Anyway, David Atkins has a good take on the Washington Monthly blog about the dispute that underlies this exchange.
"Trump is a fraud, and so are his promises. But during the 2016 campaign, he acknowledged the anxiety of these communities, and gave them a narrative that fit both their worldview, their understanding of politics, and their prejudices.....
It is very disappointing that so many voters in the white working class were willing to believe and accept the racism-fueled narrative of false promises that Trump offered, but that is what happened. Whoever the Democratic nominee is in 2020 has two options to confront this problem. One is to simply give up on reaching these voters in the belief that their prejudices concerning racial and gender minorities make them unwinnable, regardless of the nominee’s messaging around economic policy. The second is to campaign to them in a way that acknowledges the desolation of these communities and gives them a more appropriate and accurate villain to blame.
Merrill’s argument fallaciously assumes that taking this second approach means unavoidably abandoning the Democratic party’s base: women and people of color. But both common sense and specific research indicates that this doesn’t need to be the case.....

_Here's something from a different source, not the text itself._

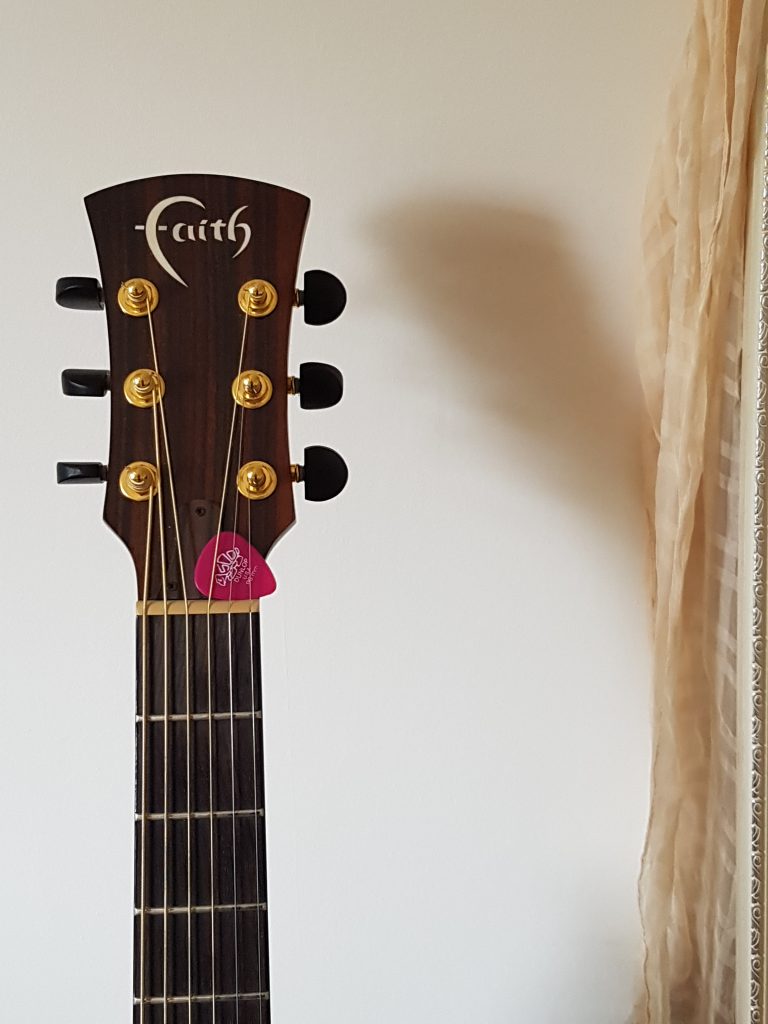 The top (or headstock) of a guitar and the beginning of the neck. There is a pink pick tucked into the strings.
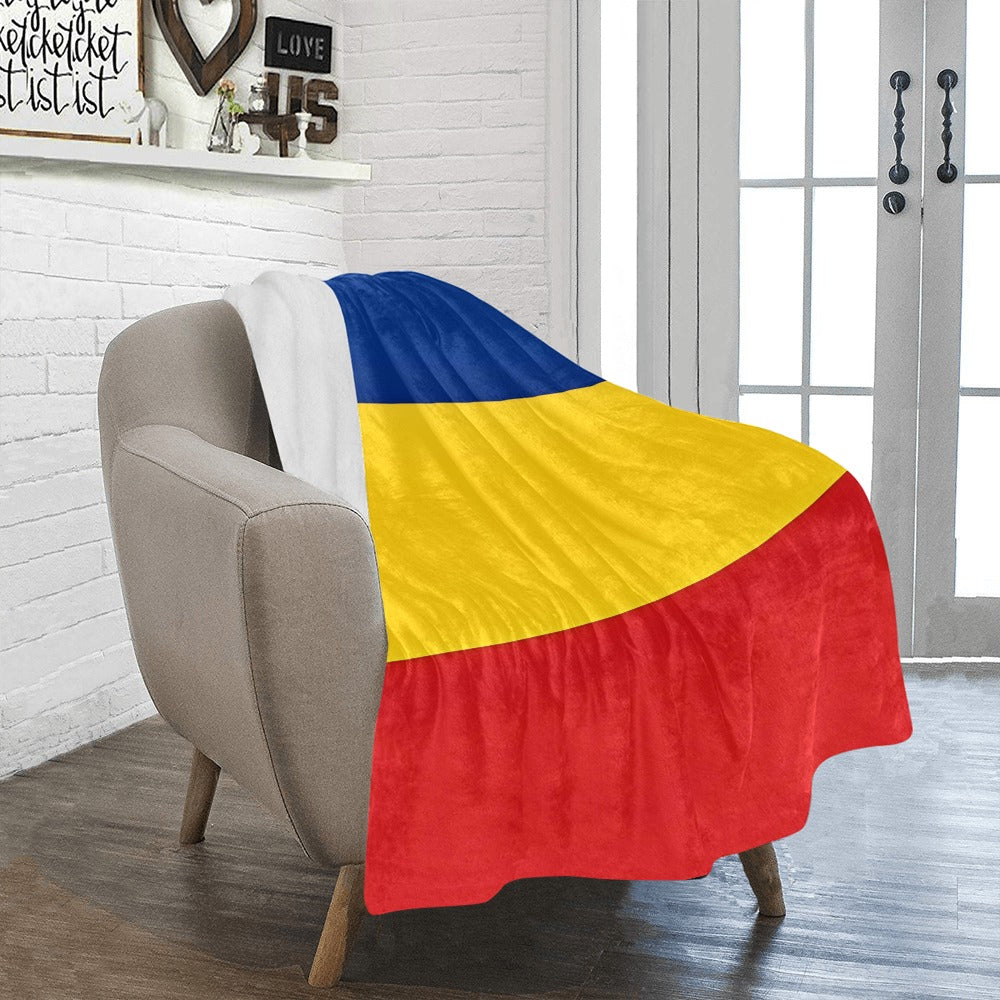 Cozy chair with Luv My Flag blanket, tricolor design.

Another broad misconception shared by those in Merrill’s camp is that economic populists from the left who support Buttigieg’s messaging believe that all Trump voters can potentially be swayed by it. It’s common among these types to point to some act of horrific racism or sexism at a Trump rally and smirk about “economic anxiety.” But, of course, no one really believes that all Trump voters are persuadable in this way...Even if only 5% of Trump voters are...persuadable...that's the difference in many districts and states between a loss and a landslide victory."
To his credit, I think Mayor Pete gets this.